• What you need to do: Only the pictures are to be left out, and the rest of the entries should be reproduced exactly.

(Recorded data)
......

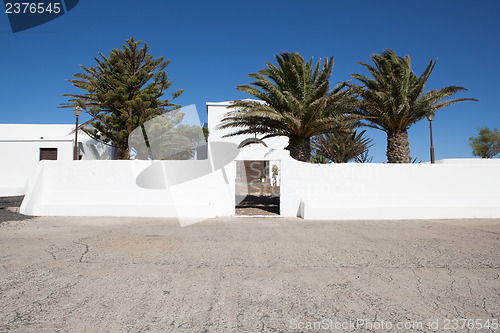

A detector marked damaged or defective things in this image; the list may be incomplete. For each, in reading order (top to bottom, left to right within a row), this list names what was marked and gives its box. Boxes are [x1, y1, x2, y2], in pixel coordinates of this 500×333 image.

cracked pavement [0, 215, 498, 330]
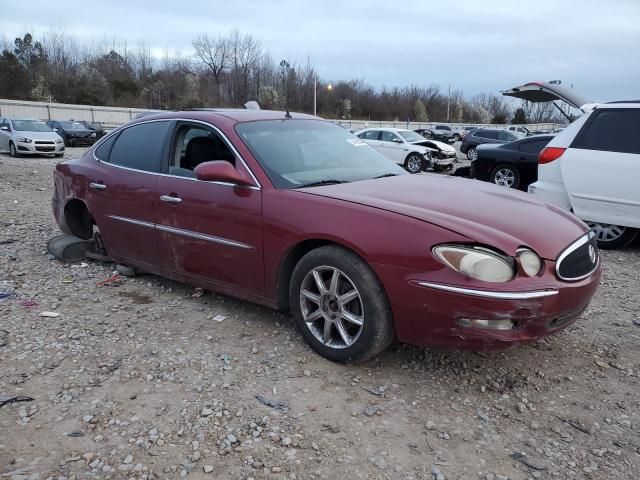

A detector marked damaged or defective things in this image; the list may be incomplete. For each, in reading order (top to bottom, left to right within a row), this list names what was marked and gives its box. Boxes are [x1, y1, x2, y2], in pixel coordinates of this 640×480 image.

damaged vehicle [52, 109, 604, 362]
damaged vehicle [356, 126, 456, 173]
damaged vehicle [502, 80, 636, 248]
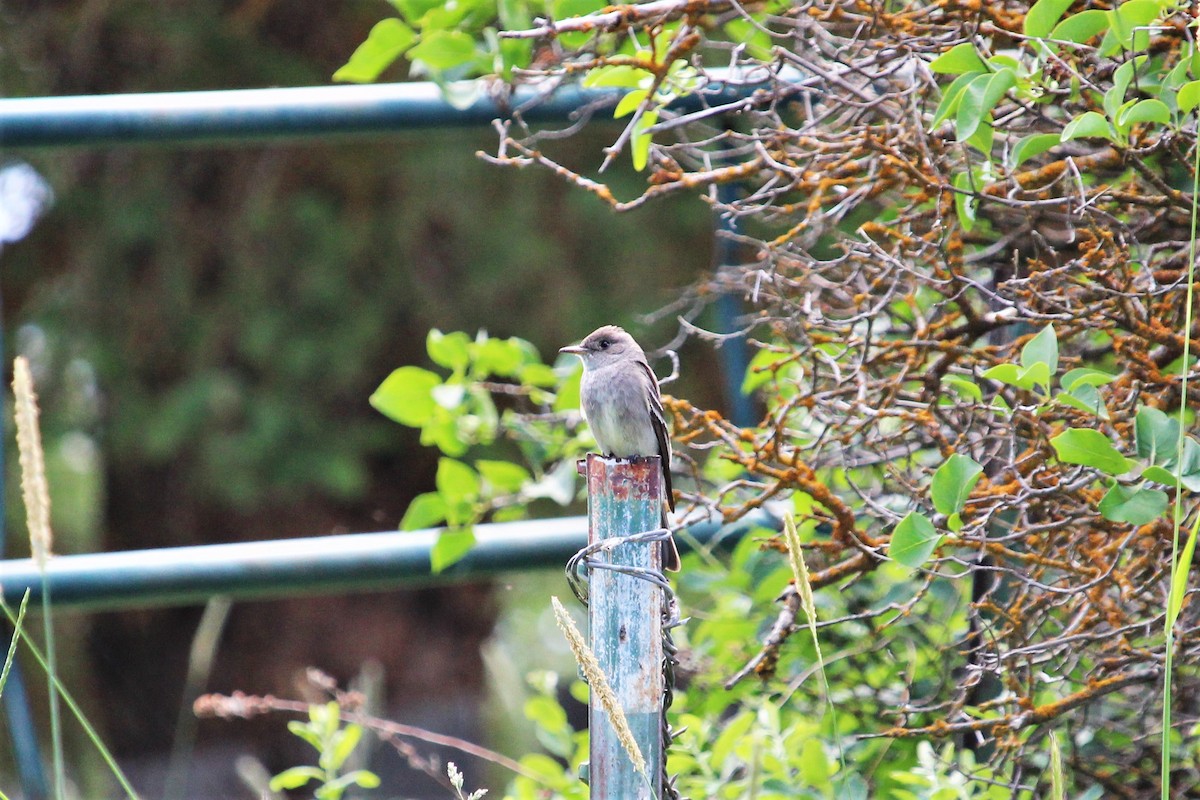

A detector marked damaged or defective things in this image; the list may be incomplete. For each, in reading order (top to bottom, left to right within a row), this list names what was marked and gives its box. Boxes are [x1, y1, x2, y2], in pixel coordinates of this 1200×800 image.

rusty metal post [584, 454, 664, 796]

......

• Response to this task:
A detector marked damaged or defective things in this image; the list may be incomplete. For each, in reading order (top to bottom, left to right within a row), this list names what was marked and gives its box. Boxes are [x1, y1, x2, y2], in pixel coordinates of this 500×333 image.

cracked pavement [0, 215, 498, 330]

A detector marked damaged or defective things in this image; the list may be incomplete. For each, in reading order (top to bottom, left to right within a row), this list names what was marked and gives its box. Boxes are [x1, y1, x2, y2], in pixel coordinates of this 640×480 image.

damaged vehicle [52, 109, 604, 362]
damaged vehicle [356, 126, 456, 173]
damaged vehicle [502, 80, 636, 248]

A detector marked damaged or defective things in this image; the list may be incomplete. For each, in reading order (top to bottom, left to right within a row), this list names what was marked and gives its box. Boxes are [x1, y1, x2, y2], in pixel coordinates of this 1200×800 image.

rusty metal post [584, 454, 664, 796]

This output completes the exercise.